Parallelize longitudinal preprocessors

PhilipDeegan · MaryanMorel · commit 2a5945a498e5 · 2018-05-29T15:48:08.000+02:00
diff --git a/lib/cpp/preprocessing/longitudinal_features_lagger.cpp b/lib/cpp/preprocessing/longitudinal_features_lagger.cpp
@@ -9,12 +9,11 @@
 
 LongitudinalFeaturesLagger::LongitudinalFeaturesLagger(
     ulong n_intervals,
-    SArrayULongPtr n_lags)
+    SArrayULongPtr _n_lags)
     : n_intervals(n_intervals),
-      n_lags(n_lags),
-      n_features(n_lags->size()),
-      n_lagged_features(n_features + n_lags->sum()),
-      col_offset(nullptr){
+      n_lags(_n_lags),
+      n_features(_n_lags->size()),
+      n_lagged_features(_n_lags->size() + _n_lags->sum()){
   if (n_lags != nullptr) compute_col_offset(n_lags);
 };
 
@@ -33,8 +32,8 @@ void LongitudinalFeaturesLagger::compute_col_offset(const SArrayULongPtr n_lags)

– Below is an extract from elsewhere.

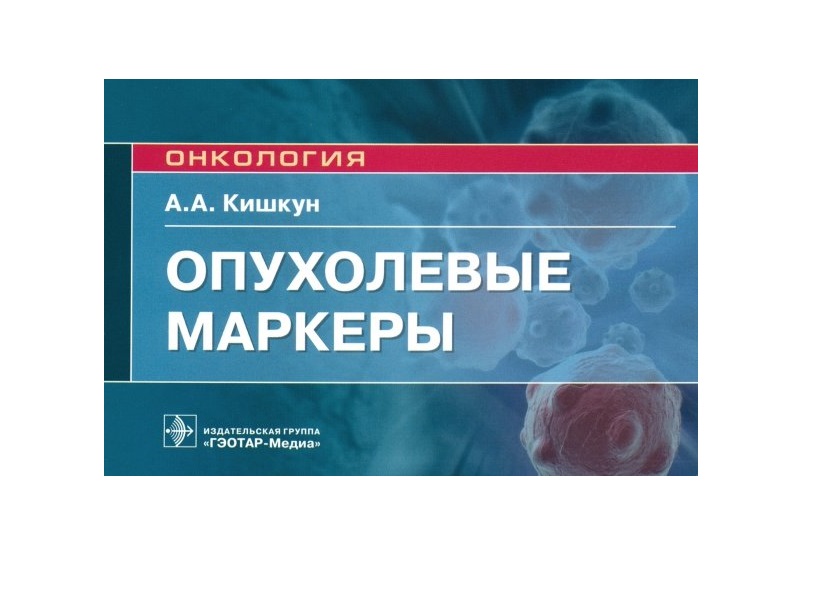 

Опухолевые маркеры : руководство для врачей / Кишкун А.А.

 void LongitudinalFeaturesLagger::dense_lag_preprocessor(ArrayDouble2d &features,
                                                         ArrayDouble2d &out,
                                                         ulong censoring) const {
-  if (n_features != features.n_rows()) {
-    TICK_ERROR("Features matrix rows count should match n_lags length.");
+  if (n_intervals != features.n_rows()) {
+    TICK_ERROR("Features matrix rows count should match n_intervals.");
   }
   if (n_features != features.n_cols()) {
     TICK_ERROR("Features matrix column count should match n_lags length.");
diff --git a/lib/cpp/preprocessing/sparse_longitudinal_features_product.cpp b/lib/cpp/preprocessing/sparse_longitudinal_features_product.cpp
@@ -7,10 +7,6 @@
 #include "tick/preprocessing/sparse_longitudinal_features_product.h"
 #include <map>
 
-SparseLongitudinalFeaturesProduct::SparseLongitudinalFeaturesProduct(
-    const SBaseArrayDouble2dPtrList1D &features)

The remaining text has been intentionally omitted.